Il est courant pour toutes les compagnies du monde, y compris les plus grandes, de sous-traiter certaines lignes à des compagnies tierces spécialisées dans ce genre de marchés. Ceci attire automatiquement des pilotes non-expérimentés qui cherchent des opportunités pour apprendre et accumuler des heures de vol.

Quand les pilotes ne sont pas en vol, il leur est demandé de venir faire du travail de bureau au sein de la compagnie. La météo semble avoir joué un rôle. Des militaires français progressent vers le site pour le sécuriser.

Il a été mis en service en sous les couleurs de la compagnie égyptienne Héliopolis. Il opérait depuis peu pour la compagnie charter Swiftair. Même les plus grandes compagnies occidentales font voler des avions plus anciens que celui-ci. En tant que passager, vous devez savoir que sur beaucoup de lignes internationales, le billet acheté ne vous dit pas réellement qui va vous transporter. Vous pouvez tout à fait acheter un billet sur une compagnie et vous retrouver à faire la totalité ou une partie du trajet sur une compagnie autre.

Les dépêches continuent de tomber avec plus de détails mais à ce stade, voici quelques éléments de réflexion:. En général, les missiles portatifs de type Stinger ne peuvent pas aller au-delà des mètres. La zone était en plus nuageuse. Ceci pose un autre problème: Ces zones ne sont pas toujours déclarées comme dangereuses ou interdites par les autorités qui les contrôlent ou en revendiquent le contrôle.

Une autre carte de suivi le montre plus proche des frontieres de la Russie Flight Aware.
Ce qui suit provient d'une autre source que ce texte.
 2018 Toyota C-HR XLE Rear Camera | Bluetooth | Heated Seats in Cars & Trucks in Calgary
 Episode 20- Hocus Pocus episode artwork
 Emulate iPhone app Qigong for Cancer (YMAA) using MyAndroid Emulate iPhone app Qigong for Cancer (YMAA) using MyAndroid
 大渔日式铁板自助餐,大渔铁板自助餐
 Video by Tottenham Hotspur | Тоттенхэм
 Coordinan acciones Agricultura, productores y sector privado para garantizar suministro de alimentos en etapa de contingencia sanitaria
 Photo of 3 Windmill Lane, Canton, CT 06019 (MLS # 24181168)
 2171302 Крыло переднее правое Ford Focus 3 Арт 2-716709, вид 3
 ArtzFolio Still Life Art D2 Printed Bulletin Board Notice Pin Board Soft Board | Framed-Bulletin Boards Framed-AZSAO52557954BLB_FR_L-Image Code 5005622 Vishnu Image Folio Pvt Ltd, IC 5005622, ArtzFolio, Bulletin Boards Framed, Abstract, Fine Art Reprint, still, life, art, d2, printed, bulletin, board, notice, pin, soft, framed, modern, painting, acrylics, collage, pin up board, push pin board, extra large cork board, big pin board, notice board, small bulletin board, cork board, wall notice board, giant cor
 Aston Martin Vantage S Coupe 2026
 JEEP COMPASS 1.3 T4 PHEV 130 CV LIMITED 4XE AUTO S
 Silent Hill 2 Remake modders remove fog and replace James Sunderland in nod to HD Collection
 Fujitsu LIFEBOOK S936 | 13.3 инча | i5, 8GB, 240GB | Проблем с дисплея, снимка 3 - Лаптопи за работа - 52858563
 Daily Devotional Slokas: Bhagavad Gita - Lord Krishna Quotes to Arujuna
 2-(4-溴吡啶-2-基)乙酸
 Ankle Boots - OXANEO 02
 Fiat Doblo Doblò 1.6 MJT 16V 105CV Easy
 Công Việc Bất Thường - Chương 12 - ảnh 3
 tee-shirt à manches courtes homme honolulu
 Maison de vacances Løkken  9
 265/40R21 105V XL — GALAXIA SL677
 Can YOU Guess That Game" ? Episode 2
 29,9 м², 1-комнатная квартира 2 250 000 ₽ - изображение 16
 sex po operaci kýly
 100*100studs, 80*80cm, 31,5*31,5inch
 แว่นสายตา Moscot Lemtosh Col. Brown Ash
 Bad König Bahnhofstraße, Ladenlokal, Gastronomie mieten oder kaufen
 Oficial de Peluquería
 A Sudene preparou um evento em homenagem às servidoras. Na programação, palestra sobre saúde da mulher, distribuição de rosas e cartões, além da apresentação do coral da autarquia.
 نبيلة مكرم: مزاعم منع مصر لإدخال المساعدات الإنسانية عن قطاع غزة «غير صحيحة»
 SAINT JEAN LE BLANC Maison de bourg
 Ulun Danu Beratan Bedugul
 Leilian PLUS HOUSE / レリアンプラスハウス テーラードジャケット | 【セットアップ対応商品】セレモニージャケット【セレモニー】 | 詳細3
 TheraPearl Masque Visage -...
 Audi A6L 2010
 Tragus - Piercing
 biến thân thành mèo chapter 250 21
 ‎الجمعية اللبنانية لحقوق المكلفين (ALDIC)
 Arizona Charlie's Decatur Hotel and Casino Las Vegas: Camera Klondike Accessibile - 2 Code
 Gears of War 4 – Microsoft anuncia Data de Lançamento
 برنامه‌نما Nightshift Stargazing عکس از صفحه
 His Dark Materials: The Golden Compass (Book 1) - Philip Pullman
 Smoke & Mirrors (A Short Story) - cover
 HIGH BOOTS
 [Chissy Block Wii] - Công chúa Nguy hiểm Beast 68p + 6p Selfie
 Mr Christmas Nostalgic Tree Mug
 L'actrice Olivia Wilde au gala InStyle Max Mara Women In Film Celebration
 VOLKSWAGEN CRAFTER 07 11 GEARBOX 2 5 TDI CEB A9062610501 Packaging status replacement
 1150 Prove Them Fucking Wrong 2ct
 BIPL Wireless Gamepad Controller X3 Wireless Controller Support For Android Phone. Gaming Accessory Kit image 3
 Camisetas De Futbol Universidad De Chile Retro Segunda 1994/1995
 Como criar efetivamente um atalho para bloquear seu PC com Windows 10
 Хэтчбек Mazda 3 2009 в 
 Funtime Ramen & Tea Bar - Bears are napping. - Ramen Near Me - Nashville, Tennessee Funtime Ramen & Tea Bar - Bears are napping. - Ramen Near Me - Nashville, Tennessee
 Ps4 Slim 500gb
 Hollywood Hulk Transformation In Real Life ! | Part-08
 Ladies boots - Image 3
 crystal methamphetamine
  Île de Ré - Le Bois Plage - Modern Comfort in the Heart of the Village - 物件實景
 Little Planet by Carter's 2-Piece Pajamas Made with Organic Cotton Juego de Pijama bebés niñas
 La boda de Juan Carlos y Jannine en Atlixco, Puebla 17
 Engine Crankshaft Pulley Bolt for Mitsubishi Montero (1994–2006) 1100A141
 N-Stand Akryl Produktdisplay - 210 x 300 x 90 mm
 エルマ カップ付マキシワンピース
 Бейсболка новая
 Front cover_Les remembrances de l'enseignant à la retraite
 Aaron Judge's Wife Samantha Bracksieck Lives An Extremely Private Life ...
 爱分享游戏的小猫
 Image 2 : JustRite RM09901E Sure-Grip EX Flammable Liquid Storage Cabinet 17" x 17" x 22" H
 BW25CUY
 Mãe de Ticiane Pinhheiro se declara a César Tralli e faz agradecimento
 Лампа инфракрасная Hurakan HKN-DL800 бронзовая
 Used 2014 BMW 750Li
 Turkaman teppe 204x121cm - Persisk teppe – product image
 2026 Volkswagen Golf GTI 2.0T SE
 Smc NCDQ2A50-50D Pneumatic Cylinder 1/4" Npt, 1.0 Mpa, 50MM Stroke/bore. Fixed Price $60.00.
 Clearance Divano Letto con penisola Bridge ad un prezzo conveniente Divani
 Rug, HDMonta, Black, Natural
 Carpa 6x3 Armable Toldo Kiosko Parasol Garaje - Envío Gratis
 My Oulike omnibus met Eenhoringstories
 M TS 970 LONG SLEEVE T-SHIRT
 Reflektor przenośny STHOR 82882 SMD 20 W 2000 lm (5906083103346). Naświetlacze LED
A-t-on voulu viser Poutine? Vue du cockpit Boeing Tous les passagers furent évacués. Bouteilles O2 — Boeing Conclusion: Pour aller plus loin: Mais nous savons très peu de choses… Pourtant: Retour sur un autre vol: Bombe chez un passager kamikaze: Les enregistreurs de vol auront le dernier mot.

De nombreux navires égyptiens et grecs cherchent des débris en Méditerranée. Trajectoire Ce suivi radar fourni par le site Flighradar24 source permet de voir une coupure brutale des transmissions à Une question de sûreté aérienne? Les Irlandais suspendent aussi leurs vols vers et depuis Charm-el-Cheikh. Voici les dossiers abordés dans ce numéro: Merci de votre soutien! La presse mondiale parle ouvertement de suicide.